Anónimo

Jirones

En las fotos infantiles aparecemos sonrientes; a veces de camino a clase, a veces celebrando cumpleaños con los del barrio, de la mano de los aitites o amama, saludando a la cámara, columpiándonos en el parque. Se fija uno en los muros detrás de las caras y cae en la cuenta de las pintadas en las paredes. Apenas tenemos una foto  vieja en la que no aparezcan dianas y gritos de «ETA, ¡Mátalos!». Nos quemaron el coche una noche. Era un coche viejo, uno quemado de tantos. Ni siquiera pusimos denuncia. En el instituto tuvimos compañeros que nos invitaban a las manifestaciones, a uno le detuvo la policía en el lío de las banderas, su madre se lo llevó a vivir a otra comunidad por miedo de que se metiese en ETA. Con los años, a más de un conocido le vimos detenido por pertenecer a ETA. «Somos diferentes, diferentes, al resto de la gente». Cuando viajábamos a otro lugar nos esforzábamos en explicar que no andábamos todo el día esquivando bombas, que eran todo habladurías. Además, nadie nos entendía, empezando por el del tiempo, que salía contando que iba a hacer sol en todo el país y no paraba de llover.

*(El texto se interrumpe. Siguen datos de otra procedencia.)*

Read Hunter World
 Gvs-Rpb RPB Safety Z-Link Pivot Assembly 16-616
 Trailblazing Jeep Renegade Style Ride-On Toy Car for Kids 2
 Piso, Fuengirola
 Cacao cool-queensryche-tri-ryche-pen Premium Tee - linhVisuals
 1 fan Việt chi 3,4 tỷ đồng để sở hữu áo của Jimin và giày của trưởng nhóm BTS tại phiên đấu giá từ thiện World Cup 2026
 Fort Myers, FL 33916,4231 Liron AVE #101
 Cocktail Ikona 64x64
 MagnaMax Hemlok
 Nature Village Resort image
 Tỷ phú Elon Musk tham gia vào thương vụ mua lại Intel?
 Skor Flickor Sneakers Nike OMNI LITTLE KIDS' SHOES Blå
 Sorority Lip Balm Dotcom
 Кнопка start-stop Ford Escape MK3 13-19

Sólo ahora, cuando miramos las fotos, vemos las pintadas. Se clava en nosotros de repente la mirada de aquella chavala que no tenía padre porque «algo habría hecho». Nos acordamos como si fuese una película de las tardes sin clase por los avisos de bomba, del compañero al que una explosión reventó el tímpano, el silencio sepulcral después de oír el estruendo de una explosión y saber a ciencia cierta que tenía que ser una bomba. Las sirenas. En la tele salían montones de políticos, cada cual diciendo algo, imágenes de lluvia y furgonas de policía. Un señor cabezón, con barba, muy bizco con gafas de culo de vaso y una boca desmesurada leía un manifiesto. Era un tipo raro, tenía una voz extraña, vestía estrafalario. Nadie le podía ver, sólo buscaba problemas y recibía muchos insultos. Todos los que tenían problemas parecían tarados, no eran gente normal. Nosotros, los normales, no hablábamos de política si no era para despreciarles porque no querían más que amargarnos la vida.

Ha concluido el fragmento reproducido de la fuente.